The brutal winter of 2022/23 battered many, many roofs in our area and with a dearth of available roofers, homeowners are struggling to get their rooftops fixed. Thus, when Lance Martin, a Tahoe Donner second homeowner, received a postcard advertising a $375 roof tune-up, he jumped at the chance.
“I knew roofing people were in high demand, so I booked him,” Martin wrote to Moonshine Ink in an email. “He was also to look at the chimney of my gas stove which bent from the snow load.”
While Martin was away from the house, he received a bill and a letter stating the contractor “had tuned the roof, fixed the chimney and that my roof was in great condition for another five years,” Martin said. “Upon returning to Truckee I noticed some transition metal on the roof was hanging off which made me suspicious. It certainly wasn’t in good repair and a heavy snowfall would probably rip the entire piece down.”
Moonshine reached out several times to the contractor who performed the work and received no response.
Martin received confirmation of his suspicions a couple of months later. “I sold my house last month and had a roofing contractor look at it and the roofing contractor said the repairs were not good and needed to be redone,” he said.
This experience didn’t surprise Edward Vento, executive director at the Contractor’s Association of Truckee Tahoe.
“There’s still hundreds upon hundreds of houses that still need roof work done from the last winter, and we’re about to enter the next one. And so it’s a crisis,” said Vento said. “And anytime there’s a crisis, there’s people looking to take advantage, you know? A lot of the legitimate roofers are very busy and people take advantage of that. They try to bring in subpar contractors, with not very well-trained workers.”
To protect yourself and your home, Vento recommends calling your local association when embarking on any home repairs or work. CATT covers the North Lake Tahoe/Truckee region. All CATT members are vetted by the organization, which makes sure the businesses are legal and have a license. Homeowners can check out a prospective contractor on the CATT directory online to see if they are legit.
Not all contractors are going to be in this directory. In the case of Martin’s roofer, the contractor’s license is registered in Grass Valley and he is not a CATT member. Which means you may be rolling the dice, Vento said.
“You don’t find out sometimes until after the work’s been done and the inspection, you know, the inspector comes out. Or even worse, you know, you get another winter and it’s leaking all over the place or blowing away,” he said. “Before you get to there, it’s just doing your homework.

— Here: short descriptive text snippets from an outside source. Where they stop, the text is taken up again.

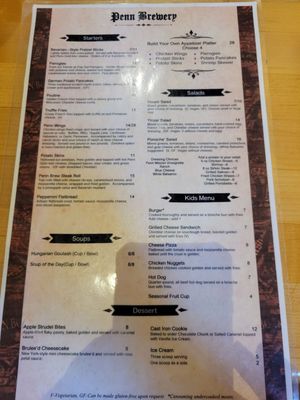 Menu photo 3 Penn Brewery Pittsburgh, PA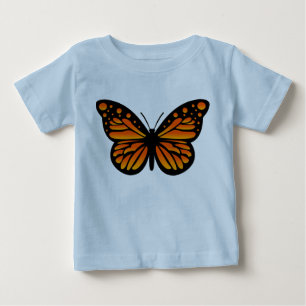 Camiseta Para Bebê Design de Borboleta Monarch - Baby Fine Jersey T-S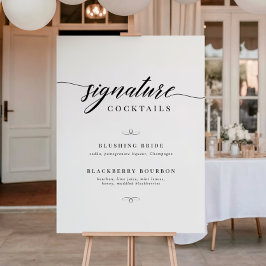 Poster Coquetéis de Assinatura de Casamento com Letra Ele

Unfortunately, you’re gonna get bombarded.”
Big winters and other natural hazard events tend to bring unscrupulous contractors out of the woodwork. “What I’ve seen across the country is that any time there’s a severe weather incident or other natural disaster people start targeting homeowners because they want to get that insurance money,” Vento said.
Below are two resources from the California Contractors State License Board that Vento endorsed as ways to make sure you hire the right contractor.
- Hire only state-licensed contractors.
- Check a contractor’s license number online at cslb.ca.gov or by calling (800) 321-CSLB (2752).
- Obtain at least three bids.
- Get three references from each bidder and review past work in person.
- Make sure all project expectations are in writing and only sign the contract if you completely understand the terms.
- Confirm that the contractor has workers’ compensation insurance for employees.
- Avoid paying more than 10% down or $1,000, whichever is less. Avoid paying in cash.
- Avoid letting payments get ahead of the work.
- Keep a job file of all papers relating to your project, including all payments.
- Avoid making the final payment until you’re satisfied with the job.
- Avoid rushing into repairs, no matter how badly they are needed.
- Obtain at least three bids. Avoid hiring the first contractor who comes along.
- Be cautious about door-to-door offers of repair services and fliers or business cards that are left at your property.
- Ask friends, family, and associates for recommendations about contractors they have hired.
- Avoid paying in cash.
- Even for small jobs, seek proof that the person you are dealing with has a contractor’s license for the type of work that needs to be done.
- Enter into a written contract that details every aspect of the work and payment plan.